*** Source material Section Begins ***

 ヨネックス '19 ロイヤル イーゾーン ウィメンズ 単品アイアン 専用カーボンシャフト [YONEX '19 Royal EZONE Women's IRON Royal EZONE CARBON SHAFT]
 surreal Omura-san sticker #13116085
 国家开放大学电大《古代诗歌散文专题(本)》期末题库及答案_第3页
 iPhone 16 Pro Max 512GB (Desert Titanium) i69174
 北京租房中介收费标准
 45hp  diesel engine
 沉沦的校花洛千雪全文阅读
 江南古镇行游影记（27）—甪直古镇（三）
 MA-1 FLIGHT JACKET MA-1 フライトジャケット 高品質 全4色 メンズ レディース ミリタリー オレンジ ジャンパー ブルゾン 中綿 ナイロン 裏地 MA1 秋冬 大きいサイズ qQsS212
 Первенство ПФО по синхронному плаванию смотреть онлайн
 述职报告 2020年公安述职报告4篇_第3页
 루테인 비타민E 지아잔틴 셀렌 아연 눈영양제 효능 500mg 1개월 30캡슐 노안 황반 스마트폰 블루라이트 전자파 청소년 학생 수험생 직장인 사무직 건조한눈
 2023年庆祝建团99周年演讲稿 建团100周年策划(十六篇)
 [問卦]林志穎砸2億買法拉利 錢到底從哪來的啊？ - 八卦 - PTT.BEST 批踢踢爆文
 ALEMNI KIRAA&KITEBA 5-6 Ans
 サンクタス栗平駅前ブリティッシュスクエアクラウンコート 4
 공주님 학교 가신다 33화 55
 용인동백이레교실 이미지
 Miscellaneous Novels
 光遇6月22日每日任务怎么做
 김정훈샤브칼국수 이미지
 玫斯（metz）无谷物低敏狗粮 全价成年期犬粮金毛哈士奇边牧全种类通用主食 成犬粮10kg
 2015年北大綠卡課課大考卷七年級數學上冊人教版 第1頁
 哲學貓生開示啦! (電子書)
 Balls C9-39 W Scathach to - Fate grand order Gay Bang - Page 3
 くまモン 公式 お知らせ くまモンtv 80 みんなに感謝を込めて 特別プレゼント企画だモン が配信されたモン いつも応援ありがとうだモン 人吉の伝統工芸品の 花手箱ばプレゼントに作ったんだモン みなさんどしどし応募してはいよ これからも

*** Source material Section Ends ***

What you need to do. Repeat, word for word, every line from the line that contains "용인동백이레교실 이미지" to the end of the entries; include both of those lines and no others.

Your response.
 용인동백이레교실 이미지
 Miscellaneous Novels
 光遇6月22日每日任务怎么做
 김정훈샤브칼국수 이미지
 玫斯（metz）无谷物低敏狗粮 全价成年期犬粮金毛哈士奇边牧全种类通用主食 成犬粮10kg
 2015年北大綠卡課課大考卷七年級數學上冊人教版 第1頁
 哲學貓生開示啦! (電子書)
 Balls C9-39 W Scathach to - Fate grand order Gay Bang - Page 3
 くまモン 公式 お知らせ くまモンtv 80 みんなに感謝を込めて 特別プレゼント企画だモン が配信されたモン いつも応援ありがとうだモン 人吉の伝統工芸品の 花手箱ばプレゼントに作ったんだモン みなさんどしどし応募してはいよ これからも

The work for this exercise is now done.